= Wishline =

French luxury television channel

Wishline was a Luxembourg-based French luxury television channel owned by Vivendi subsidiary MultiThématiques. The channel was distributed to several European countries where Canal+ had a television platform. It was a luxury shopping channel, offering commercial airtime to sectors such as cars, realty, airplanes and travel. The channel's name was also interpreted as "Wish Online", as the channel also had a dedicated website.

==History==
The channel started broadcasting on 4 December 1999. Instead of broadcasting from France, MultiThématiques decided to base the channel from Luxembourg as the luxury "classifieds" channel did not cater to French content quotas imposed by regulator CSA. Programming was available in the clear on Astra and encrypted on Hotbird; its launch budget was of 45 million francs and employed 30 staff, with hopes to reach break even by June 2001. The TV channel delivered a one-hour daily block which was repeated throughout the day, consisting of reports on sold or borrowed items, while the website had access to the day's classified listings. Moreover, by broadcasting from Luxembourg, the channel would easily cater to a pan-European market, by broadcasting in five languages (French, Italian, English, Spanish and German). Negotiations with other pay-TV companies in Europe were already underway.

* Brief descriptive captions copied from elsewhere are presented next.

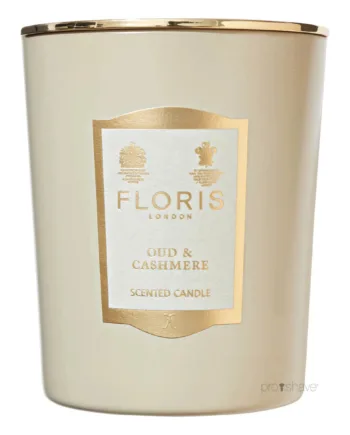 Floris London Oud   Cashmere Duftlys  175 Gr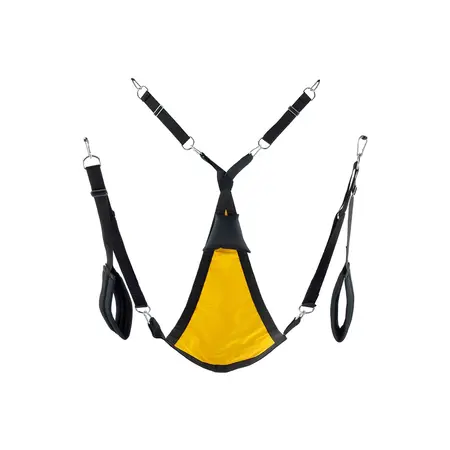 Cottelli Collection Triangle Canvas Sling Kamuflaža, Višetačkasti Sistem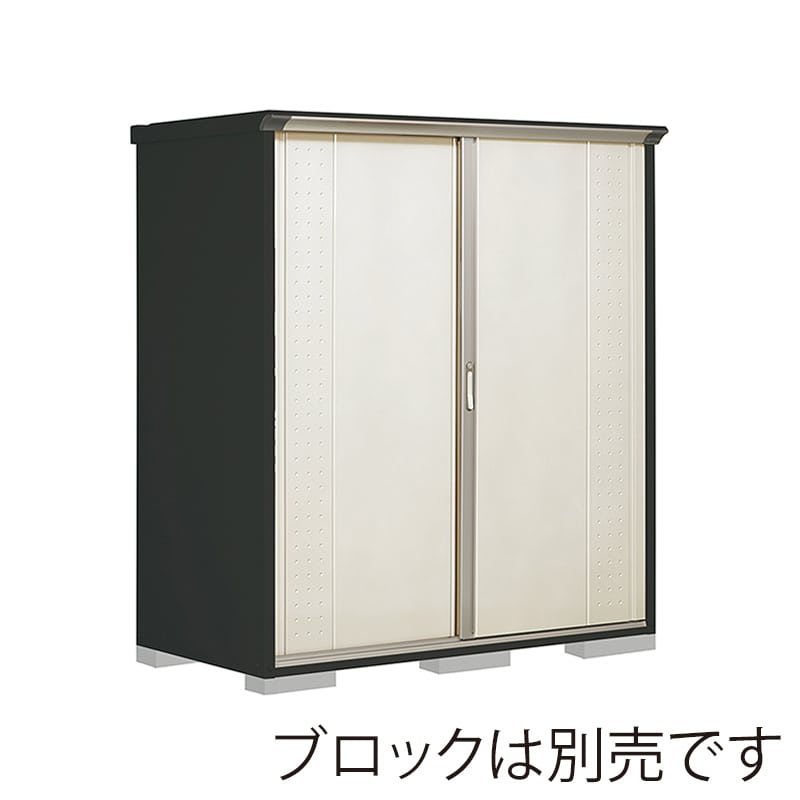 田窪工業所 小型物置 グランプレステージ ジャンプ たて置きタイプ 本体アイボリーブラック GPY179ATMW ムーンホワイト 1台(ご注文単位1台)【直送品】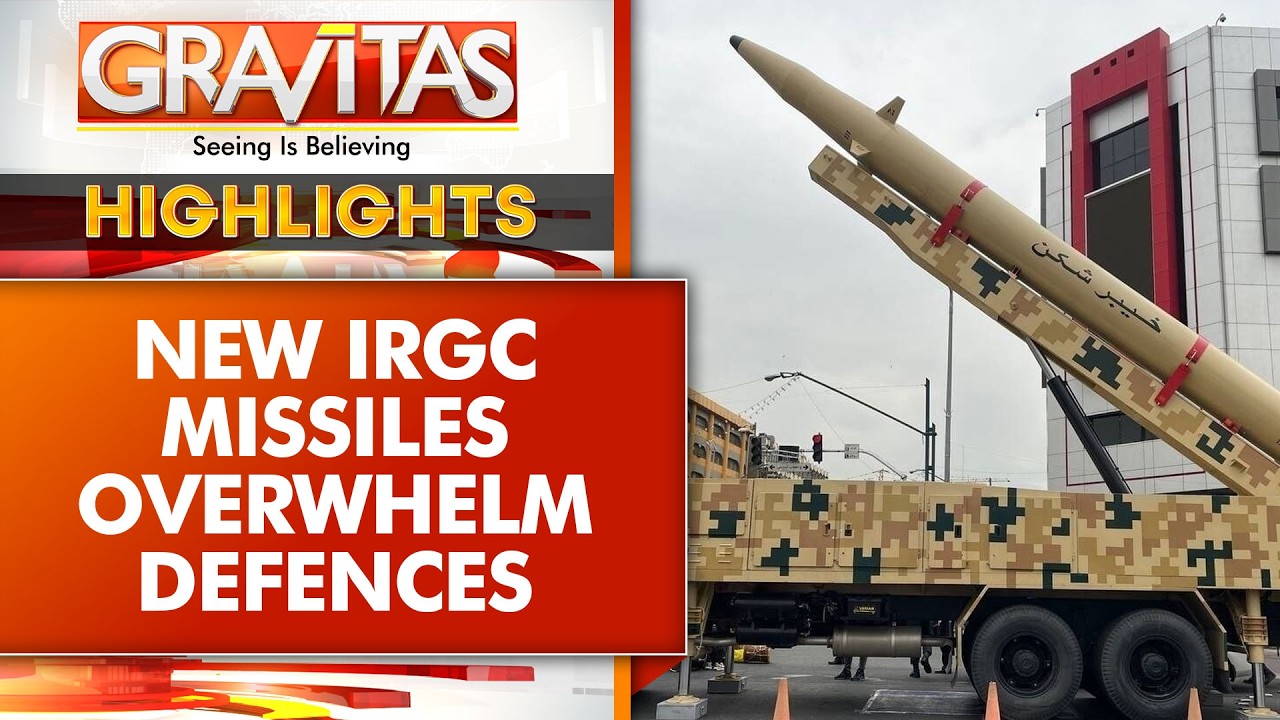 Israel-Iran War: Iran Fires Haj Qassem Missile After Sejjil Strike, Drones Target Israel |Highlights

In January 2000, the channel launched on Canal Satélite Digital in Spain. Some noteworthy items sold up until March 2000 included a 1961 Ferrari 250 sold to a British buyer, as well as a 17th century French mansion and two mansions in Florida to unknown buyers. On 2 and 3 December 2000, it simulcast the auctioning of 145 items that belonged to Maria Callas, on the eve of her 73rd anniversary, produced by The Auction Channel.

On 14 January 2001, the channel launched in Latin America. In September 2001, Wishline shut down as a linear channel by revoking its Luxembourgish license, and its website (based in nearby Longwy on the French side of the border) was struggling. Bruno Thibaudeau, the group's director-general, said that all versions of the channel "did not correspond to the needs of the market", like the German version of their fishing and hunting channel Seasons.